-- Material to process --
◆ ◆ ◆

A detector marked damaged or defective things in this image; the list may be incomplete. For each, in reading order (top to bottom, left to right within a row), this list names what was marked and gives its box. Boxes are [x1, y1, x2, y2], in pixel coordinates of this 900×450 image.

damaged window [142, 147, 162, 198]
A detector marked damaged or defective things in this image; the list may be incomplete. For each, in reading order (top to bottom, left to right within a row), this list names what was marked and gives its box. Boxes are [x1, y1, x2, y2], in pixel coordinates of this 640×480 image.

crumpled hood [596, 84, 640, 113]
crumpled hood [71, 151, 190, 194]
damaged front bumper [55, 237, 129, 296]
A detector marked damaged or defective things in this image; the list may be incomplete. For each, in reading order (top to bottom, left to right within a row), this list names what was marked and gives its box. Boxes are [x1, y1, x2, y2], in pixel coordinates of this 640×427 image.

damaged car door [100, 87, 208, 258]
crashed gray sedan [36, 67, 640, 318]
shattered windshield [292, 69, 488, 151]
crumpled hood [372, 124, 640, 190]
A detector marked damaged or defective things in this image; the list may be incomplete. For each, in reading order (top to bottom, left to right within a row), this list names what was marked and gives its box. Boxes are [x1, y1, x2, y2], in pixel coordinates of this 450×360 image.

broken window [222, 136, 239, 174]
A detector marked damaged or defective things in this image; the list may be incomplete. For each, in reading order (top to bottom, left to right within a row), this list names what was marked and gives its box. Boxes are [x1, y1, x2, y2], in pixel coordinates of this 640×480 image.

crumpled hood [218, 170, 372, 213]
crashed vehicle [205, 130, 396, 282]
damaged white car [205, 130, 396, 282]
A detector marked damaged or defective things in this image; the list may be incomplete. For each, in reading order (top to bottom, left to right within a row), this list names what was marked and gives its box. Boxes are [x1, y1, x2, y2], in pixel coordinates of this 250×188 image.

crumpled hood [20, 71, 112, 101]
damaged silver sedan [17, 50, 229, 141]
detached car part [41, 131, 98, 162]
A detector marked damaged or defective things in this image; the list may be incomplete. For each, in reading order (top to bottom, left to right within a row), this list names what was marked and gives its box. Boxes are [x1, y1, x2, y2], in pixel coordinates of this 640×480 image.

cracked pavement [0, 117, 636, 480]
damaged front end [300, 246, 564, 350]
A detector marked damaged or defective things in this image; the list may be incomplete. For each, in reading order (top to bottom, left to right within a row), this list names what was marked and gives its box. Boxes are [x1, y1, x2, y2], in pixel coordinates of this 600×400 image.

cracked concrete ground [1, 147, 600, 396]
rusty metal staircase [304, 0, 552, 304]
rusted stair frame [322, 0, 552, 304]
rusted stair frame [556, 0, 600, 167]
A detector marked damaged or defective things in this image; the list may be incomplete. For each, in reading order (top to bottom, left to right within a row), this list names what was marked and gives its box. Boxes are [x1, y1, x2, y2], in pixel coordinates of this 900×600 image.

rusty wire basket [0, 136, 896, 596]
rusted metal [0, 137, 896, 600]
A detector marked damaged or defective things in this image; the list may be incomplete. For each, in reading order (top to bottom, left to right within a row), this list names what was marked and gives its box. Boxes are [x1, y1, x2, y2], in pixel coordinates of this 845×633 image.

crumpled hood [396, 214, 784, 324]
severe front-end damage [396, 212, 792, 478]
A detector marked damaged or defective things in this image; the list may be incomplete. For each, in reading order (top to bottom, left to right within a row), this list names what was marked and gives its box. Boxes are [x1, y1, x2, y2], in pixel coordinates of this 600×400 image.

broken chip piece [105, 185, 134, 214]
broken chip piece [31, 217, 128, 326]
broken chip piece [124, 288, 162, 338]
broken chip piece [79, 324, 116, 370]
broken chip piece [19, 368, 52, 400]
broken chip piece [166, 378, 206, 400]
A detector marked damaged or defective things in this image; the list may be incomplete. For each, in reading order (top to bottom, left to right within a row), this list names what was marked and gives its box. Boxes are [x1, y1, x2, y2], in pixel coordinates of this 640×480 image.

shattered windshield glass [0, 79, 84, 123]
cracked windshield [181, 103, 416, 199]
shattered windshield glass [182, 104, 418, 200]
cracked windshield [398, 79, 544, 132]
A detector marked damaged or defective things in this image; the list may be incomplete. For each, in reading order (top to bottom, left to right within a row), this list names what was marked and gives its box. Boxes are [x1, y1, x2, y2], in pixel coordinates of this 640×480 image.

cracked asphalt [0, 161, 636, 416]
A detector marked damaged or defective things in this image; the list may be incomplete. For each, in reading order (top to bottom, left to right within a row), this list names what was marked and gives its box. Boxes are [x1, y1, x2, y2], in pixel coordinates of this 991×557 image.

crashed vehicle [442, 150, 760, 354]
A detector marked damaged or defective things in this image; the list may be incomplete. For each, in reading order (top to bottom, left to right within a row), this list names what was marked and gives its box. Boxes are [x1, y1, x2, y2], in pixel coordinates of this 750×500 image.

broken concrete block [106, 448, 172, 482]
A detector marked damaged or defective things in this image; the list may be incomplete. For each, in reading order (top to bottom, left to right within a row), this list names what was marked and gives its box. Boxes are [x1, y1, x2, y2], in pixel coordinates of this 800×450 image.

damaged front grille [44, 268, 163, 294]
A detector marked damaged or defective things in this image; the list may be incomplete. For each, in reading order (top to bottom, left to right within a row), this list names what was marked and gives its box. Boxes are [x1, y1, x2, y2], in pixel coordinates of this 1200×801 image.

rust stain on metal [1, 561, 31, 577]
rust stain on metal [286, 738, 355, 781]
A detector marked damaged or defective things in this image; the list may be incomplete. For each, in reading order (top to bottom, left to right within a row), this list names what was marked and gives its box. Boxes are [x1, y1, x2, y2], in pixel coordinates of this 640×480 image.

◆ ◆ ◆

-- What the exercise asks --
Write out each entry exactly, and omit nothing.

-- Result below --
A detector marked damaged or defective things in this image; the list may be incomplete. For each, in reading order (top to bottom, left to right within a row), this list names what was marked and gives its box. Boxes are [x1, y1, x2, y2], in pixel coordinates of this 900×450 image.

damaged window [142, 147, 162, 198]
A detector marked damaged or defective things in this image; the list may be incomplete. For each, in reading order (top to bottom, left to right within a row), this list names what was marked and gives its box. Boxes are [x1, y1, x2, y2], in pixel coordinates of this 640×480 image.

crumpled hood [596, 84, 640, 113]
crumpled hood [71, 151, 190, 194]
damaged front bumper [55, 237, 129, 296]
A detector marked damaged or defective things in this image; the list may be incomplete. For each, in reading order (top to bottom, left to right within a row), this list names what was marked and gives its box. Boxes are [x1, y1, x2, y2], in pixel coordinates of this 640×427 image.

damaged car door [100, 87, 208, 258]
crashed gray sedan [36, 67, 640, 318]
shattered windshield [292, 69, 488, 151]
crumpled hood [372, 124, 640, 190]
A detector marked damaged or defective things in this image; the list may be incomplete. For each, in reading order (top to bottom, left to right within a row), this list names what was marked and gives its box. Boxes are [x1, y1, x2, y2], in pixel coordinates of this 450×360 image.

broken window [222, 136, 239, 174]
A detector marked damaged or defective things in this image; the list may be incomplete. For each, in reading order (top to bottom, left to right within a row), this list names what was marked and gives its box. Boxes are [x1, y1, x2, y2], in pixel coordinates of this 640×480 image.

crumpled hood [218, 170, 372, 213]
crashed vehicle [205, 130, 396, 282]
damaged white car [205, 130, 396, 282]
A detector marked damaged or defective things in this image; the list may be incomplete. For each, in reading order (top to bottom, left to right within a row), this list names what was marked and gives its box. Boxes are [x1, y1, x2, y2], in pixel coordinates of this 250×188 image.

crumpled hood [20, 71, 112, 101]
damaged silver sedan [17, 50, 229, 141]
detached car part [41, 131, 98, 162]
A detector marked damaged or defective things in this image; the list may be incomplete. For each, in reading order (top to bottom, left to right within a row), this list names what was marked and gives its box. Boxes are [x1, y1, x2, y2], in pixel coordinates of this 640×480 image.

cracked pavement [0, 117, 636, 480]
damaged front end [300, 246, 564, 350]
A detector marked damaged or defective things in this image; the list may be incomplete. For each, in reading order (top to bottom, left to right within a row), this list names what was marked and gives its box. Boxes are [x1, y1, x2, y2], in pixel coordinates of this 600×400 image.

cracked concrete ground [1, 147, 600, 396]
rusty metal staircase [304, 0, 552, 304]
rusted stair frame [322, 0, 552, 304]
rusted stair frame [556, 0, 600, 167]
A detector marked damaged or defective things in this image; the list may be incomplete. For each, in reading order (top to bottom, left to right within a row), this list names what was marked and gives its box. Boxes are [x1, y1, x2, y2], in pixel coordinates of this 900×600 image.

rusty wire basket [0, 136, 896, 596]
rusted metal [0, 137, 896, 600]
A detector marked damaged or defective things in this image; the list may be incomplete. For each, in reading order (top to bottom, left to right within a row), this list names what was marked and gives its box. Boxes are [x1, y1, x2, y2], in pixel coordinates of this 845×633 image.

crumpled hood [396, 214, 784, 324]
severe front-end damage [396, 212, 792, 478]
A detector marked damaged or defective things in this image; the list may be incomplete. For each, in reading order (top to bottom, left to right within a row), this list names what was marked and gives its box. Boxes are [x1, y1, x2, y2], in pixel coordinates of this 600×400 image.

broken chip piece [105, 185, 134, 214]
broken chip piece [31, 217, 128, 326]
broken chip piece [124, 288, 162, 338]
broken chip piece [79, 324, 116, 370]
broken chip piece [19, 368, 52, 400]
broken chip piece [166, 378, 206, 400]
A detector marked damaged or defective things in this image; the list may be incomplete. For each, in reading order (top to bottom, left to right within a row), this list names what was marked and gives its box. Boxes are [x1, y1, x2, y2], in pixel coordinates of this 640×480 image.

shattered windshield glass [0, 79, 84, 123]
cracked windshield [181, 103, 416, 199]
shattered windshield glass [182, 104, 418, 200]
cracked windshield [398, 79, 544, 132]
A detector marked damaged or defective things in this image; the list may be incomplete. For each, in reading order (top to bottom, left to right within a row), this list names what was marked and gives its box. Boxes are [x1, y1, x2, y2], in pixel coordinates of this 640×480 image.

cracked asphalt [0, 161, 636, 416]
A detector marked damaged or defective things in this image; the list may be incomplete. For each, in reading order (top to bottom, left to right within a row), this list names what was marked and gives its box. Boxes are [x1, y1, x2, y2], in pixel coordinates of this 991×557 image.

crashed vehicle [442, 150, 760, 354]
A detector marked damaged or defective things in this image; the list may be incomplete. For each, in reading order (top to bottom, left to right within a row), this list names what was marked and gives its box. Boxes are [x1, y1, x2, y2], in pixel coordinates of this 750×500 image.

broken concrete block [106, 448, 172, 482]
A detector marked damaged or defective things in this image; the list may be incomplete. For each, in reading order (top to bottom, left to right within a row), this list names what was marked and gives its box. Boxes are [x1, y1, x2, y2], in pixel coordinates of this 800×450 image.

damaged front grille [44, 268, 163, 294]
A detector marked damaged or defective things in this image; the list may be incomplete. For each, in reading order (top to bottom, left to right within a row), this list names what was marked and gives its box. Boxes are [x1, y1, x2, y2], in pixel coordinates of this 1200×801 image.

rust stain on metal [1, 561, 31, 577]
rust stain on metal [286, 738, 355, 781]
A detector marked damaged or defective things in this image; the list may be incomplete. For each, in reading order (top to bottom, left to right within a row), this list names what was marked and gives its box. Boxes are [x1, y1, x2, y2], in pixel coordinates of this 640×480 image.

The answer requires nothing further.